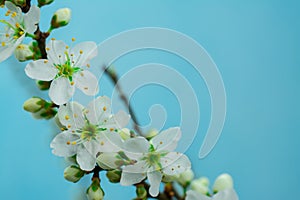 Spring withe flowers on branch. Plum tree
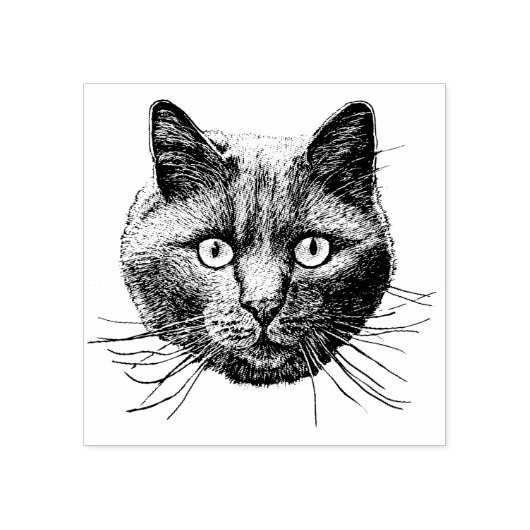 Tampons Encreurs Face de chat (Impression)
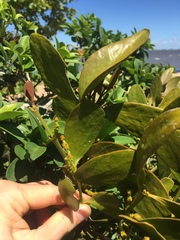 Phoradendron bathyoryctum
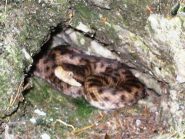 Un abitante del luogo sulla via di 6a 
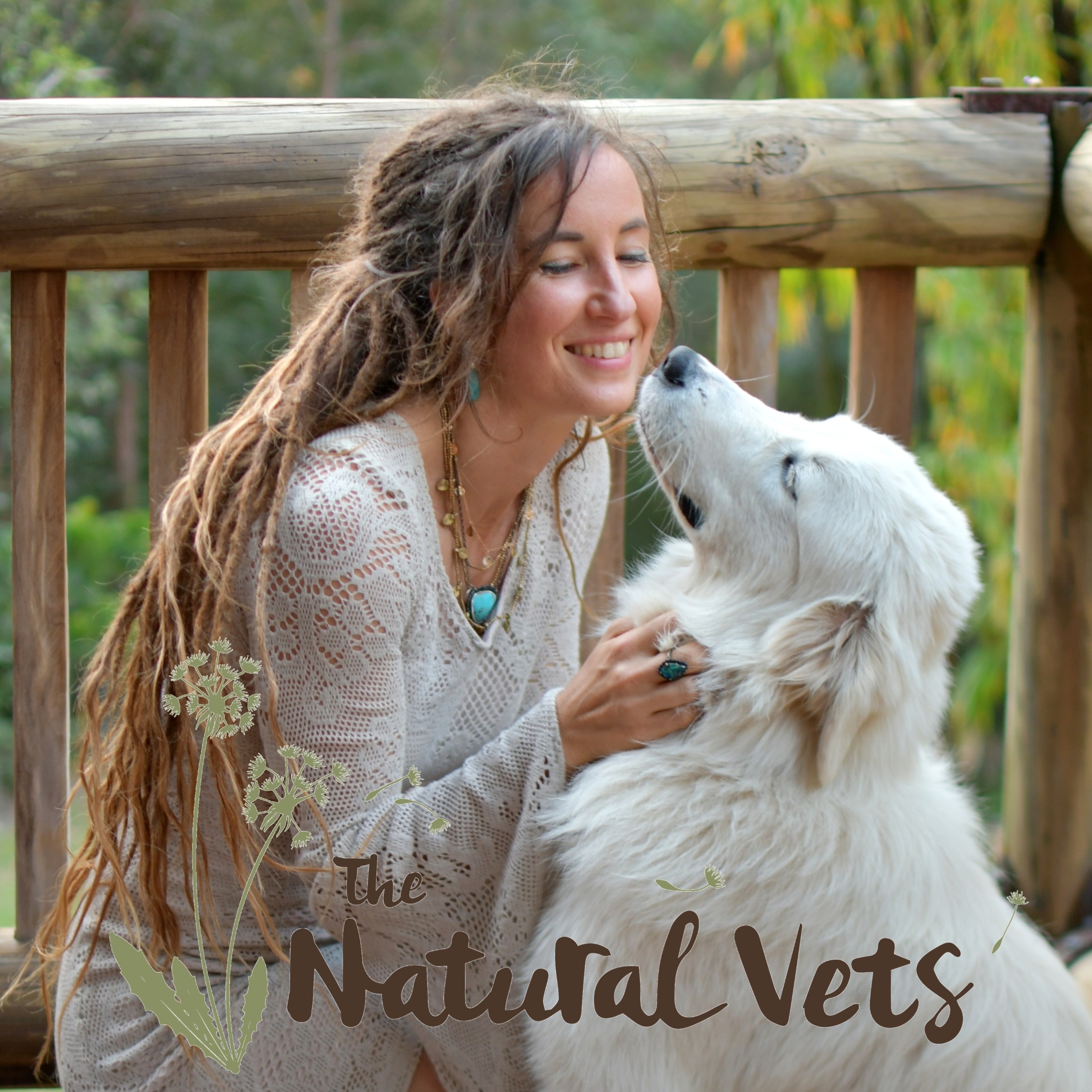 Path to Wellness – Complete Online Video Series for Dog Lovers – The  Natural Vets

··········

# Task
Your task is to copy word for word the lines from the line containing "Tampons Encreurs Face de chat (Impression)" to the end of the listing, both included, and to drop any pictures.

# Task solution
 Tampons Encreurs Face de chat (Impression)
 Phoradendron bathyoryctum
 Un abitante del luogo sulla via di 6a 
 Path to Wellness – Complete Online Video Series for Dog Lovers – The  Natural Vets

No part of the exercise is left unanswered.